- PROBLEM DETAILS: When you reach the line with "MaineCoonKittenMissFortuneAkoni05042025FWhite18.jpg", transcribe it and each line after it through the last one below, exactly. Pictures stay out.

- Image-caption web data:
--------

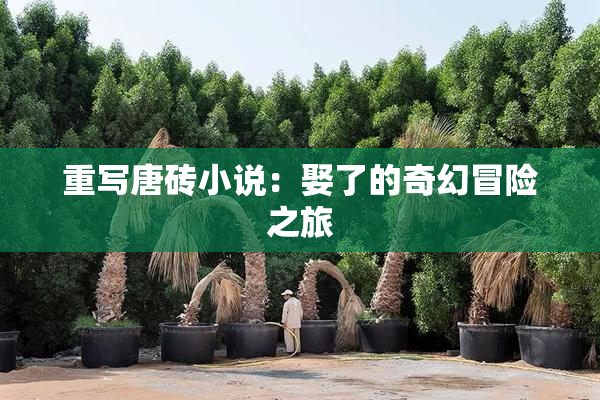重写唐砖小说：娶了的奇幻冒险之旅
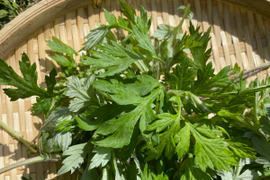 やわらかヨモギ　新芽100g　生葉★農薬化学肥料不使用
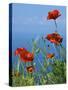 Common Poppy (Papaver Rhoeas)-Bob Gibbons-Stretched Canvas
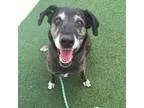 Adopt Louie a Brindle Labrador Retriever  Greyhound  Mixed dog i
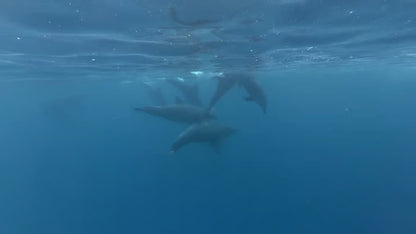 Zanzibar: Matemwe Dolphin Encounter, Jozani Forest, and Swahili Buffet Tour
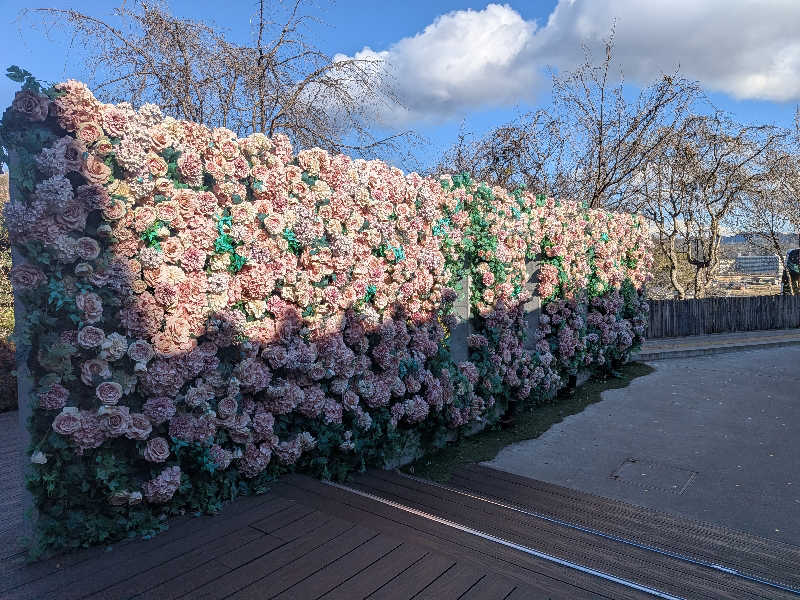 kemariさんの三田天然温泉 寿ノ湯のサ活写真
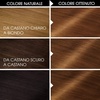 Garnier Olia Dauerhafte Haarfarbe ohne Ammoniak, Mit pflegenden und natürlichen Ölen, Vollständige Grauhaarabdeckung, Permanente Coloration, Nr. 9.11 Kühles Silber, 1 Stück(6.3 Castano Chiaro Dora)
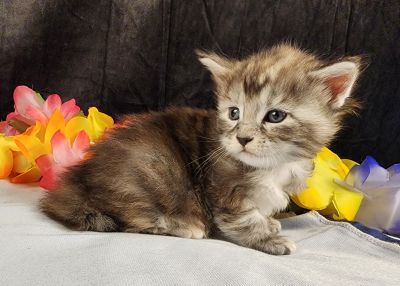 MaineCoonKittenMissFortuneAkoni05042025FWhite18.jpg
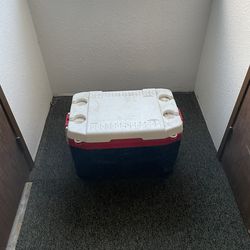 Large Cooler - Discounted 62%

--------

- REPLY TO THE EXERCISE:
 MaineCoonKittenMissFortuneAkoni05042025FWhite18.jpg
 Large Cooler - Discounted 62%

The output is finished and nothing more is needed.